Oct. 9, 2010, will commemorate the 70th anniversary of a revolutionary, and an original soul whose legacy has far outlived his death. John Lennon was born in Liverpool, England, and, despite dropping out of college his junior year, he eventually rose to extraordinary and lasting fame with The Beatles, and later in life had a very successful solo music career.
For his 70th birthday anniversary, the popular search engine Google will design a special logo utilizing Lennon’s likeness, and a short film about Lennon will play when the search logo is clicked. Events are being planned around the world for Lennon’s birthday, including the unveiling of a peace monument in his home town, a viewing of the short film Lennon/NYC in strawberry fields in New York City, and a concert in L.A. featuring Yoko Ono, Lennon’s wife, and Lady Gaga, among others.
For many, John Lennon symbolized peace and a willingness to tackle immense social injustices to help his fellow man. While many believe his assassination in December of 1980 instantly made him an unfounded and undeserved martyr, the fact still stands that Lennon spent his life bringing people joy and a sense of belonging through his music and his message of unity and understanding.
Lennon spent his life facing tragedy and adversity. He was abandoned by his father before his birth, and given to his aunt by his mother shortly after his birth. His aunt spent much of his youth telling him that his dreams of stardom and fame were unachievable, and that he was better off attending college to enter into a mundane public service career.
He faced hardships yet again when, at the age of 17, his mother was struck and killed by a drunken police officer. Instead of letting his tumultuous youth put a stop to his dreams, he used his personal life in many of his songs; he gave a generation lost in war and such social upheaval as the Watergate scandal reassurance that their struggles were ones that many people shared. He became not only a singer and songwriter, but a friend to his innumerable fans.

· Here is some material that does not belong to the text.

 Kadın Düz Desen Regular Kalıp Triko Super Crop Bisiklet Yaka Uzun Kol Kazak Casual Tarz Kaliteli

His legacy has become especially poignant and powerful in the 21st century thanks to the war in Iraq and a slumping economy. His song “Imagine” is one that I could listen to over and over again, finding meaning in every word; when he sings “Imagine all the people, sharing all the world…I hope one day you’ll join us, and the world will live as one,” I can’t help but think of the tense times we live in, where every country looks to the shorelines, wondering who is developing nuclear weapons, or if our own government is pulling the wool over our eyes.
Lennon was a visionary whose work was revolutionary before its time. He was hardly a perfect man, but his impact on the world is undeniable. To me, Lennon is timeless, and his message and rawness will always apply to the trials and hard falls of the world, as will his plea that we imagine a world where everyone is one.
My favorite quote comes directly from John, a message on a smaller scale, a reminder that even when he was fighting for peace and global understanding, he was thinking of the common man, and taking each day as it came:”Life is what happens when you are busy making plans.”
Although it remains to be seen if John would approve of the numerous celebrations to commemorate his birthday, it’s fitting that he be remembered all the same, as someone bigger than just a man.